Eric Sedletzky
Contributor
What this is is just “flying your computer”. Many people do this these days. They give full trust to their DC to take care of them and ride the line without really giving much thought to what’s going on with gas reserve/depth/time. Computers have relieved a lot of the burden and trouble of having to think and pay attention to what’s going on, they do everything for you, probably way better and more accurately than you could do on your own. I suppose that could be a problem in the wrong hands; being used by people who have very little understanding of basic deco theory.I’m in this group you’re talking about. I have not taken a decompression course, I routinely exceed my computers decompression limits, and I do not calculate my remaining air. I would probably not behave this way if I was diving square profile tables!
It seems safe-ish though. When I hit deco at depth I start heading up, and the deco goes away as I do. I slowly ride my computers warning up to the surface, do my non-mandatory safety stop with 1000#, and it and I are both happy on the surface. If I misjudged things a bit I’ve had two or three minutes of real deco at 10’, but that’s more of an extended safety stop than an underwater emergency, right? I have never been close to a situation where I did not have enough gas to make it back up, even if I can’t quantify how close.
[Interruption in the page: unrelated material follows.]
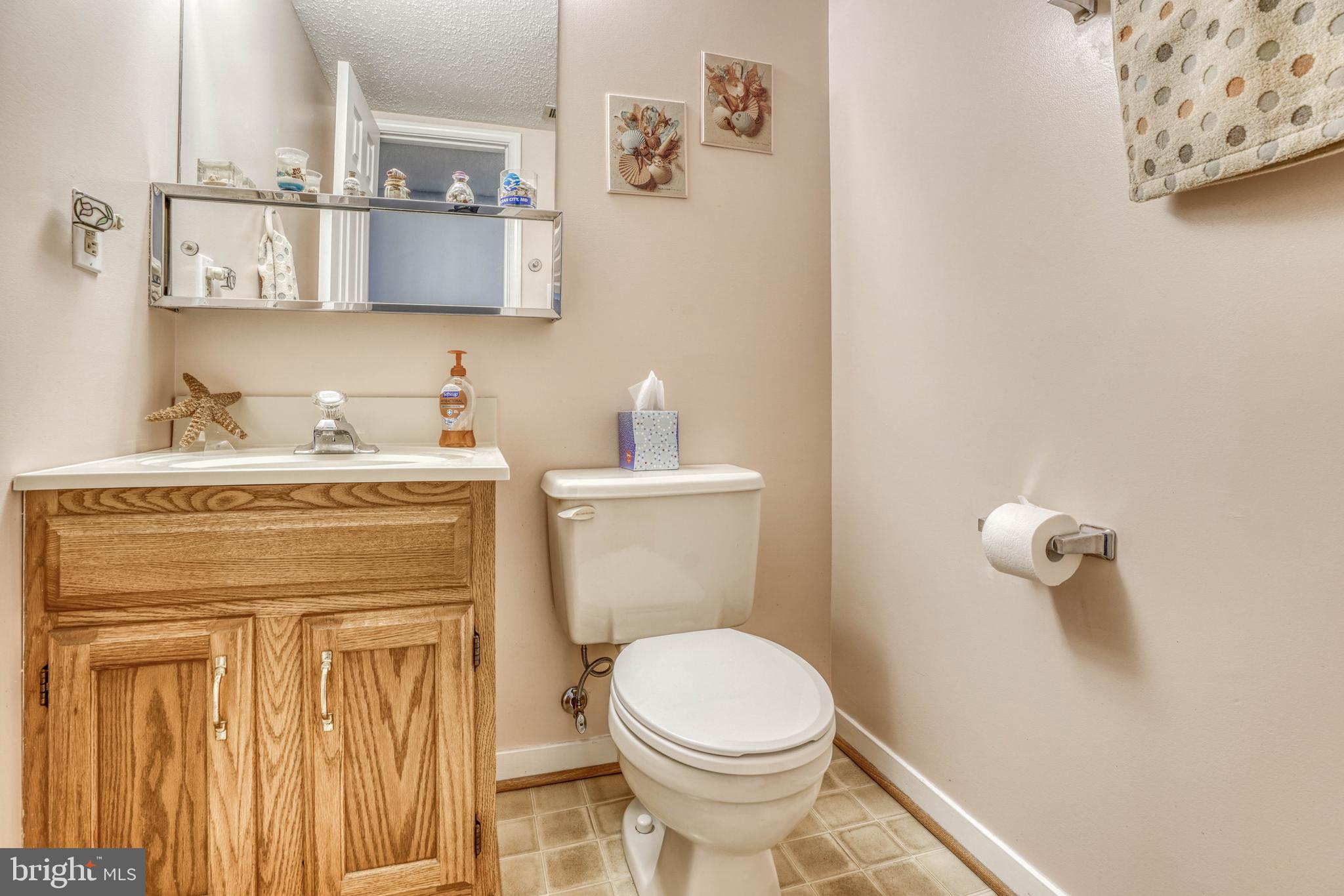 PERRY HALL - Residential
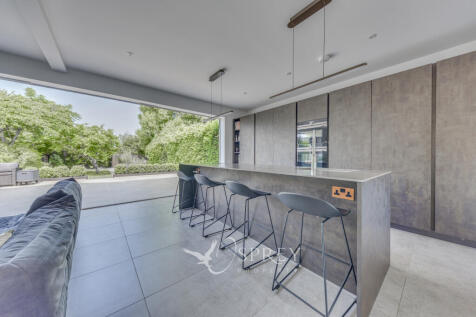 Open-plan Kitchen/Li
Safety is only one of the factors to be optimized here: I dive for fun and would be much safer just staying in bed all day. It’s my (limited!) understanding that spending most of the dive slowly ascending up a wall or wreck is easier on my body than a square up-and-down profile anyway. Diving like this allows me to cover a lot of different terrain, see a lot of different things, and decide what to do based on what I see down there rather than following a fixed plan. The fun / danger ratio seems high, even if I can’t quantify the fun either. Do I just not know what I don’t know? Are there things I haven’t considered? Would I learn those things in a deco course?
I can’t/won’t say it’s right or wrong, it seems to just be a sign of the times, people trust their lives more and more on machinery and devices.
Will it bite you in the ass someday? Maybe...If you’re going to trust your life on a device, at least make sure it’s a good one and learn how to use it well.